• [HOW TO COMPLETE THIS TASK]: Exactly and only the lines below from the one containing "All You Need is Ink book cover" down to the one containing "Cover-Bild zum Titel" are wanted, both included; please exclude every picture.

• [SUPPLIED INFORMATION]:
===
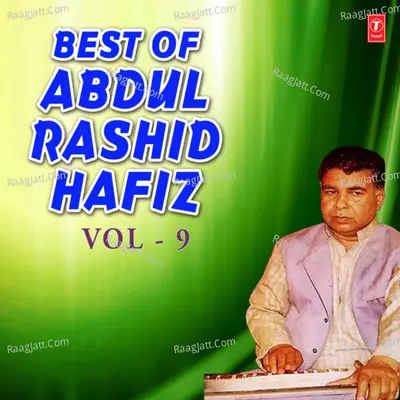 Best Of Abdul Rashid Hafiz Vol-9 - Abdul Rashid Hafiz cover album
===
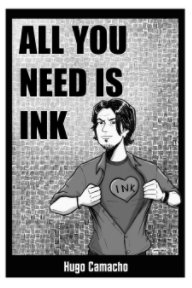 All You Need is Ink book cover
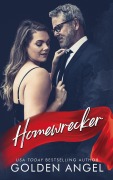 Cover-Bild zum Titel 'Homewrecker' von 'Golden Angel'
===
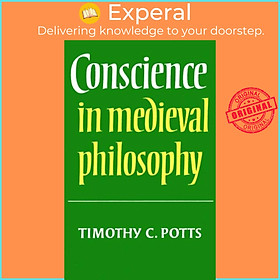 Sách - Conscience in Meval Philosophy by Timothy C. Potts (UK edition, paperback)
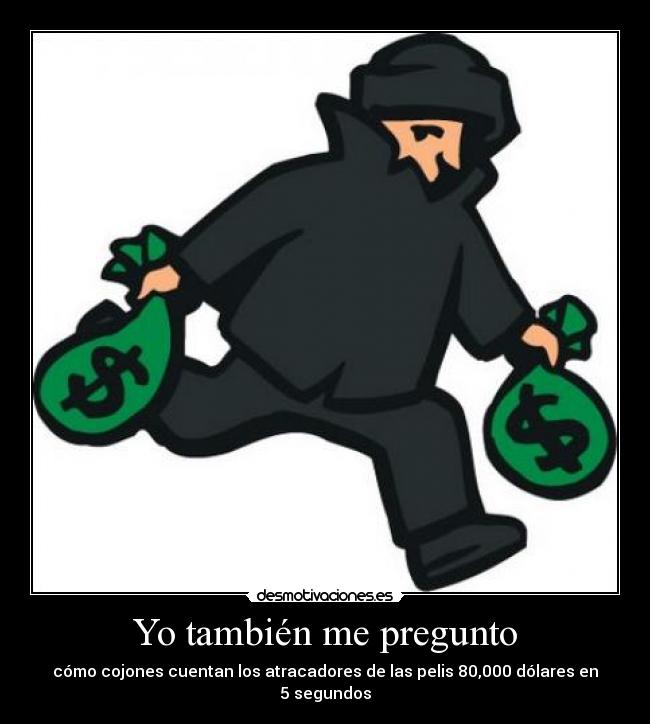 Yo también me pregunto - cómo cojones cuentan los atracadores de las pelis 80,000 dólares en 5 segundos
===
• [WRITTEN SOLUTION]:
 All You Need is Ink book cover
 Cover-Bild zum Titel 'Homewrecker' von 'Golden Angel'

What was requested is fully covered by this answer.